Telle est la vertu de l’âge démocratique qui, selon Renan, nous dispense de
restaurer l’ère aristocratique destituée.
Cet
horizon analytique n’est pas pris en considération par bien des autorités
européennes. Pire encore, les Européens qui projettent leur regard sur notre
monde, ont oublié leurs véritables alliés, les séculiers d’Egypte et de
Tunisie. A moins que le tropisme du spécifique les ait conduits à se détourner
de ceux qui leur ressemblent. Alors ils vouent leur fascination à ceux qui
portent une différence qui devrait les révulser.
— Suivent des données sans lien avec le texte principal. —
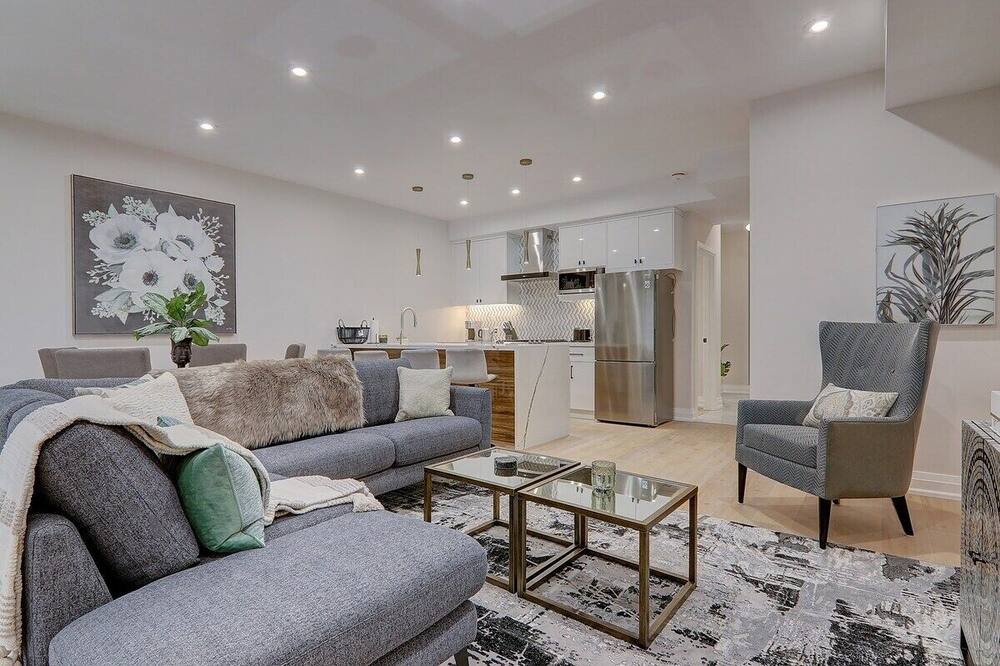 Photo of Livingroom in Midtown Toronto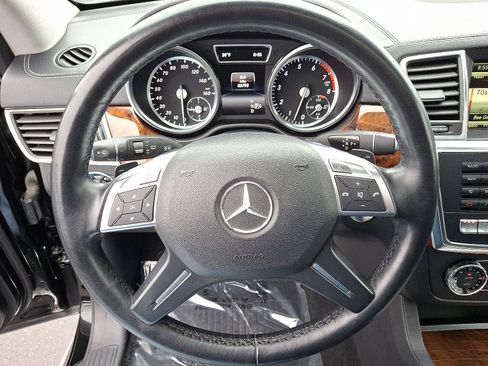 Used 2014 Mercedes-Benz GL 550 4MATIC image 21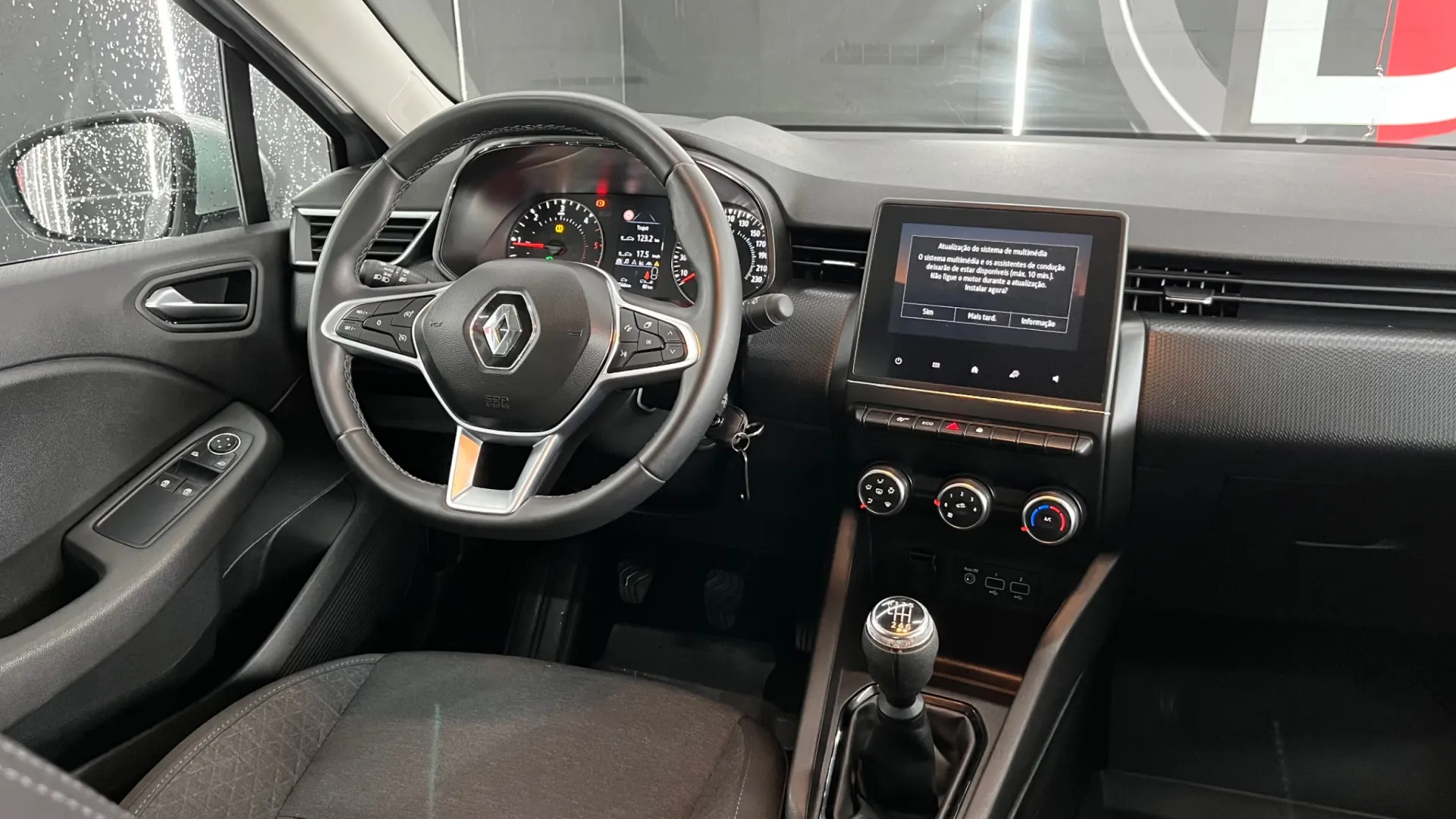 Renault Clio 1.5 Blue dCi Intens 12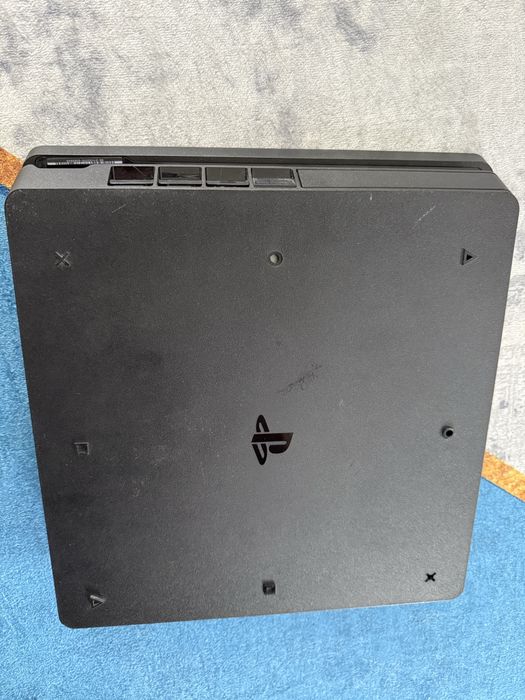 Konsola PS4 CUH-2016A gry i 3 pady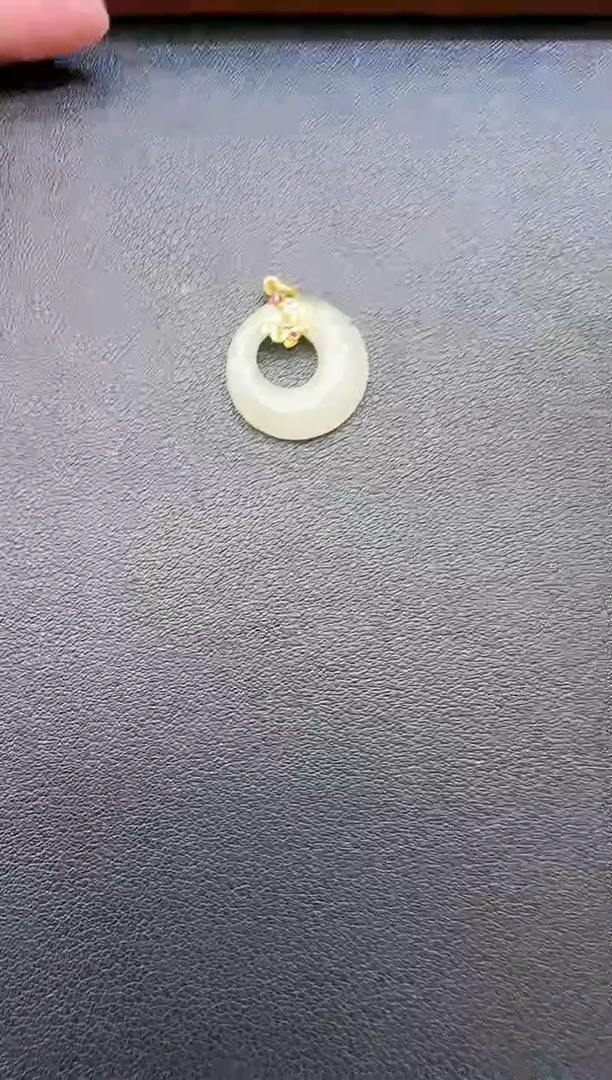 【闪购商品】和田玉吊坠合金和田玉吊坠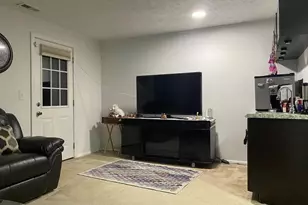 7881 Tyson Oaks Cir, Vienna, VA 22182 - Photo 2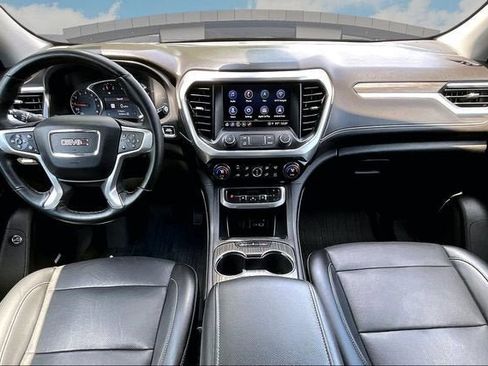 Used 2023 GMC Acadia SLT w/ Preferred Package AWD/4WD image 15
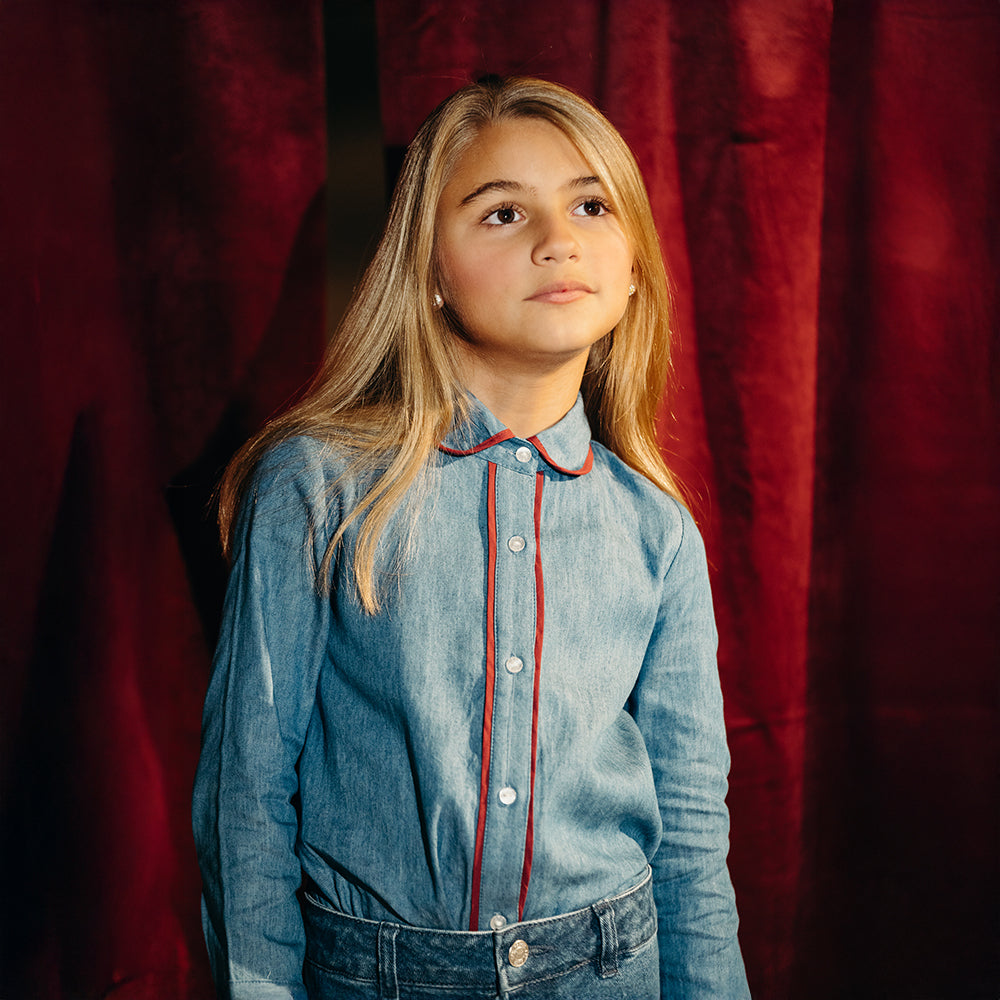 Camisa De Chambray Manga Larga Con Detalle Vinotinto En En Cuello Y Frente Para Niña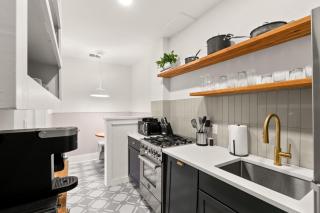 SoHo Siesta Stunning Apt w Private Balcony - Tampa - 6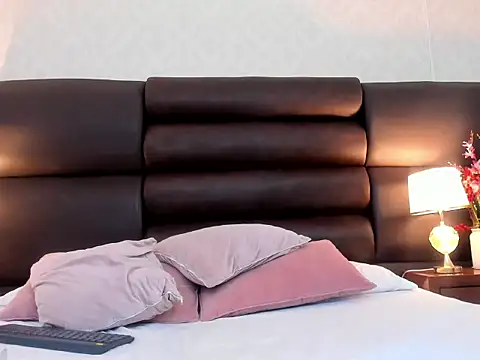 KendalFoxx's cam snapshot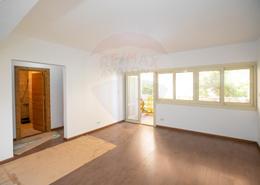 Apartment - 2 bedrooms - 1 bathroom for للبيع in Khaled Ibn Alwaleed St. - Al Maamoura - Hay Than El Montazah - Alexandria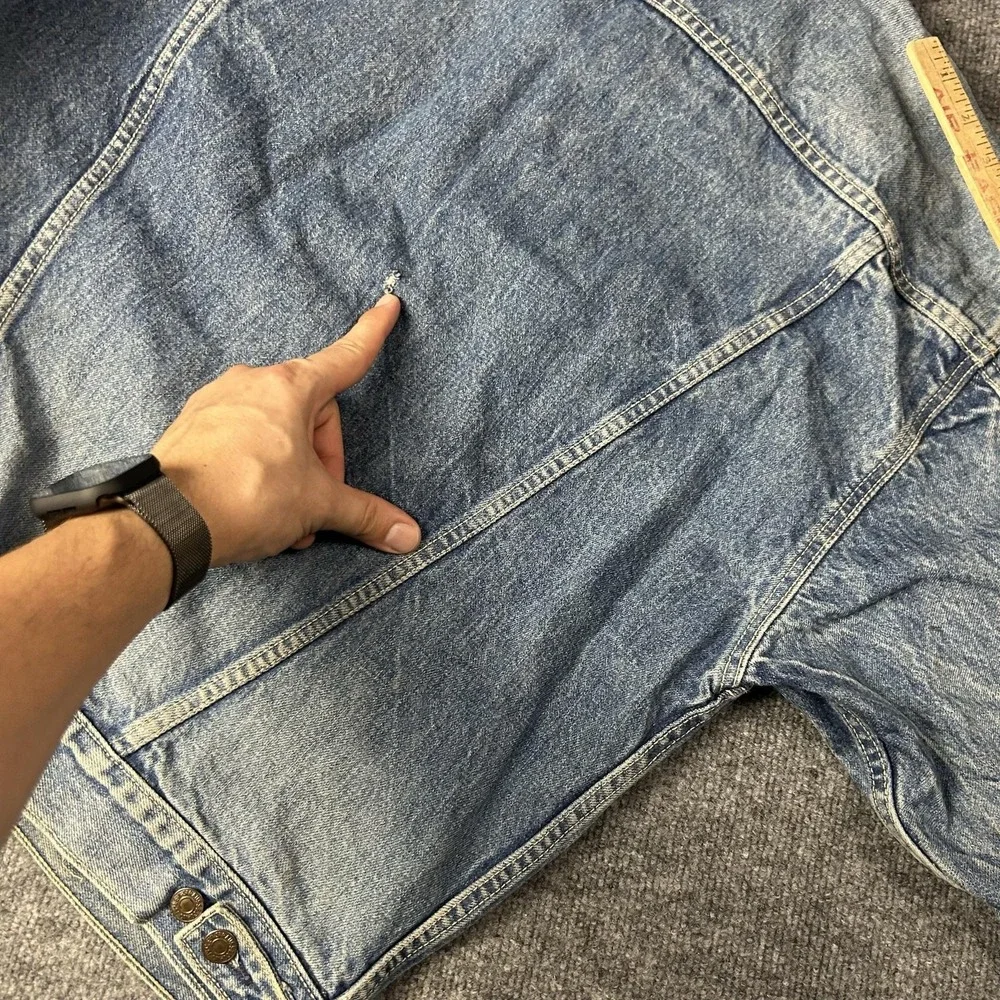 Vintage Levi's Denim Trucker Jacket Mens Large Light Wash Blue Made USA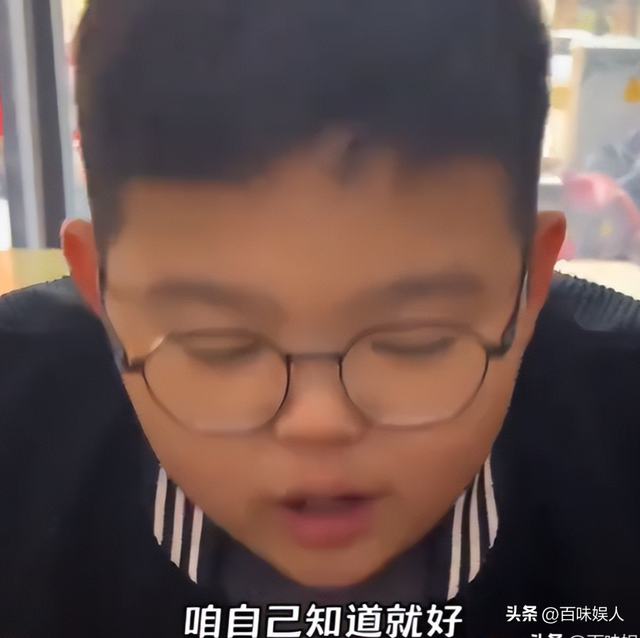 太好了！网友私信唾骂
烈士家属，警方灵敏将其抓获，夫君照片曝光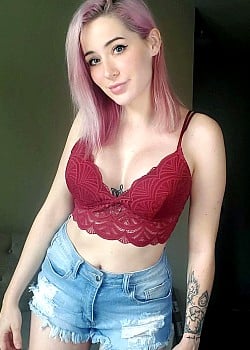 ItsLeslieTwitch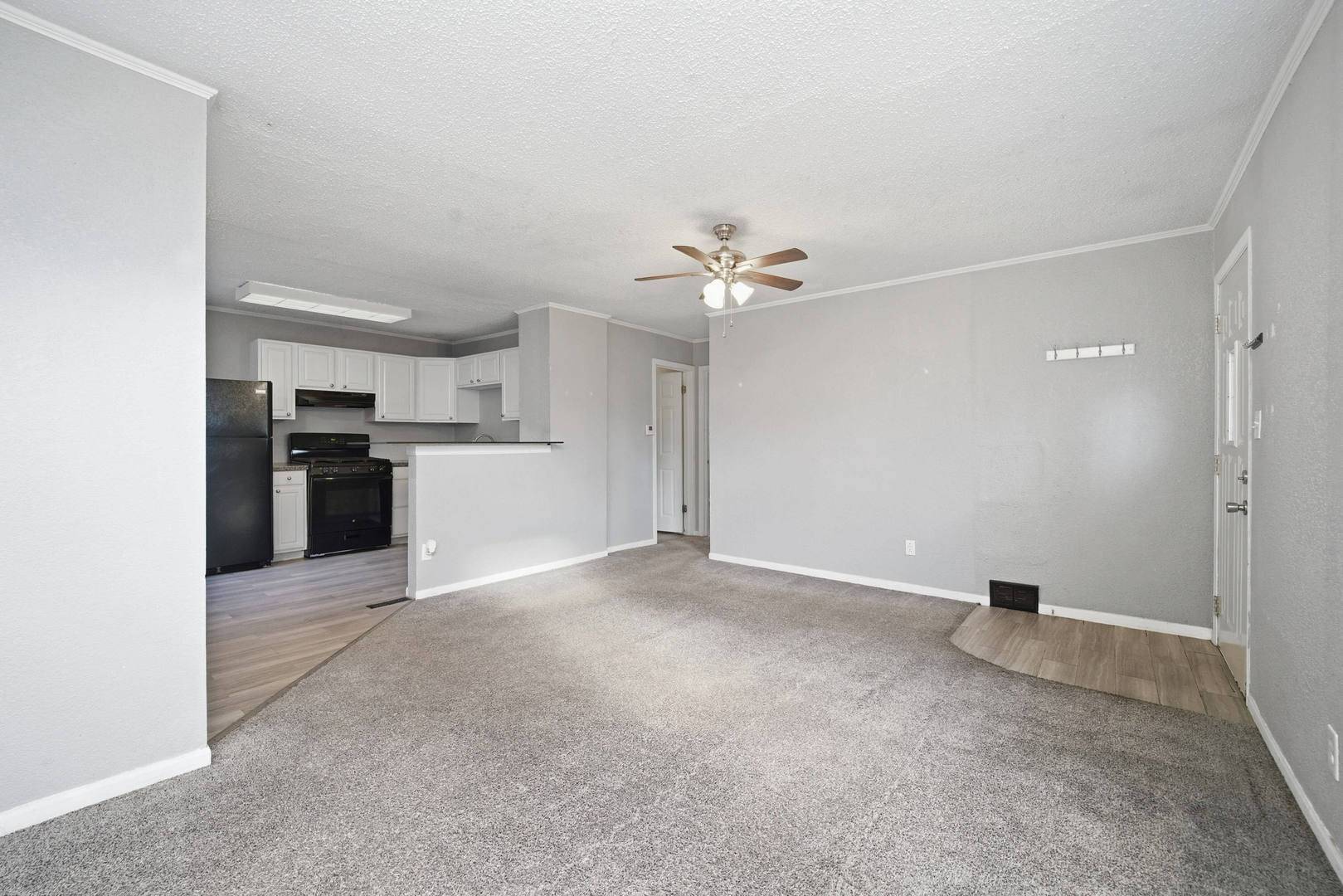 3128 Indian RD, Davenport, IA 52802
Discutant avec un des
officiels européens indulgents sinon complaisants à l’égard de l’atteinte aux
libertés récurrente en Tunisie, je m’entends dire : « Mais enfin on n’est pas
en Corée du Nord » ; ce à quoi je réponds : « Si on ne dénonce pas aujourd’hui
la politique liberticide des islamistes, demain ce sera la Corée du Nord. »
Les
islamistes, après avoir ravi la révolution, harcèlent les jeunes qui en ont été
les promoteurs. Ces dernières semaines ont été arrêtés ou condamnés bien des
artistes engagés dans la critique radicale de ceux qui s’accrochent aux rênes
de l’Etat. Nous réclamons la liberté pour tous ceux qui viennent sans raison
d’être pourchassés. Nommons les cinéastes Néjib Abidi, Nasreddine Shili,
Abdallah Yahya, le jazzman Slim Abida, les rappeurs Ahmad Klay Bbj et Weld el
Kinze. Eux aussi ont le droit de respirer la liberté par tous leurs sens, par
tous leurs pores dans une Tunisie viable, affranchie des contraintes qui
briment les potentialités et étouffent l’énergie créatrice des jeunes.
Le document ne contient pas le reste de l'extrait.